Das Winterthurer Bezirksgericht hat am Mittwoch entschieden, den Fall eines 35-jährigen Pornoproduzenten neu aufzurollen. Er war angeklagt, bei Sado-Maso-Szenen das Leben der Darstellerinnen gefährdet zu haben.
Es hätte eine Formsache werden können: Der Mann war geständig, die Frauen gefährdet zu haben. Der Staatsanwalt beantragte dafür eine bedingte Freiheitsstrafe von 15 Monaten und eine Geldstrafe.
Weil der Beschuldigte mit dem Vorschlag einverstanden war, hätte das Gericht diesen Vorschlag einfach als Urteil verhängen können. Dieses abgekürzte Verfahren wurde eingeführt, um die Justiz zu beschleunigen.
Das Gericht wollte den Filmer aber nicht so einfach davonkommen lassen. Die Vorwürfe seien gravierend. Der Weg des geringsten Widerstands sei deshalb nicht angezeigt, begründete der Richter den Entscheid. Es bestehe zudem der Verdacht, dass der Mann eine Persönlichkeitsstörung habe. Der Staatsanwalt muss damit noch einmal von vorne anfangen.
Ein Bestrafungs-System für Angestellte
Angezeigt wurde der sehr korrekt wirkende Mann von einer Gespielin, die er im Jahr 2010 auf einem Bett festband. Obwohl diese «Disziplinierung» vereinbart worden war, entwickelte sie sich für die Frau zu einem unerfreulichen Ereignis. Statt nämlich nur für kurze Zeit den Raum zu verlassen, blieb der Beschuldigte ganze vier Stunden weg.
Weil sie gegen ihren Willen festgebunden war, zeigte die Frau ihn wegen Nötigung an. Die Dame habe das so gewollt, sagte der Beschuldigte am Mittwoch. Es tue ihm leid, wenn sie sich im Nachhinein anders entschieden habe. «Niemand soll leiden, der das nicht will.»
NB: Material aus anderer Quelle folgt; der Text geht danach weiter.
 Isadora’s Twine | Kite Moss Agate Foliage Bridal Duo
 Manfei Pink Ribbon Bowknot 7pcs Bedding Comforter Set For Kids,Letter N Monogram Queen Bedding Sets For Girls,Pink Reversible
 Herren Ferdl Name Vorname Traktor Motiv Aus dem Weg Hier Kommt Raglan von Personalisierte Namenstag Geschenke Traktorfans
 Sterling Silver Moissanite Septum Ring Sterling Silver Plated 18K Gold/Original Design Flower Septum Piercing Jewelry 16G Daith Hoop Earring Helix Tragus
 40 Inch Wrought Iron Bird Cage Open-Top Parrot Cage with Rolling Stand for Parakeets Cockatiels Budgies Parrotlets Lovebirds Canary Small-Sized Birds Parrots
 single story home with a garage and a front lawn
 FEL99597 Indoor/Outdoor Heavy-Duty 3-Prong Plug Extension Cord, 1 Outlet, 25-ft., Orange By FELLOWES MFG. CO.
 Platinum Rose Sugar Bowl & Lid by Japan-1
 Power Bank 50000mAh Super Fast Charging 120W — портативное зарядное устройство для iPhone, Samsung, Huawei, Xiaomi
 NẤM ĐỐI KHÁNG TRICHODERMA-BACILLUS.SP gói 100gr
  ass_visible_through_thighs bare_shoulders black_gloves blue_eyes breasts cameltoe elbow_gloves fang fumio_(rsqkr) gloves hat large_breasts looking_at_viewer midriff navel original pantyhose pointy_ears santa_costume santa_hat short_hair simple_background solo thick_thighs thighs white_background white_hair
Bei der weiteren Befragung stellte sich heraus, dass das Anbinden Teil eines Bestrafungs-Systems für Angestellte war. Der Mann führte damals eine Bar, die im ehemaligen Tresorraum einer Bank eingerichtet war. Wer «nicht genügend Performance» brachte, konnte sich «freiwillig bestrafen lassen». Teil dieses Führungs-Konzeptes war es auch, Mitarbeiterinnen in einen Käfig zu sperren.
Frau in Koffer gepackt
Auf den Hauptteil der Anklagepunkte stiessen die Ermittler erst, als sie einige der 150 Filme sichteten, die vom Beschuldigten produziert wurden. Sogar der Gutachter, ein Rechtsmediziner, konnte die Streifen «nur in sehr dosiertem Mass» ansehen. Er habe immer wieder Pausen machen müssen. Sein Urteil war aber klar: Es hätte böse enden können.
In mehreren Szenen wurden die Frauen ohnmächtig, weil sie über längere Zeit knien mussten oder an Armen und Beinen zusammengeschnürt waren. Eines der «Models», wie sie der Beschuldigte bezeichnet, wurde in Kauerhaltung in einen Rollkoffer gepackt. Dies hätte zum Erstickungstod führen können. Oft flossen Tränen.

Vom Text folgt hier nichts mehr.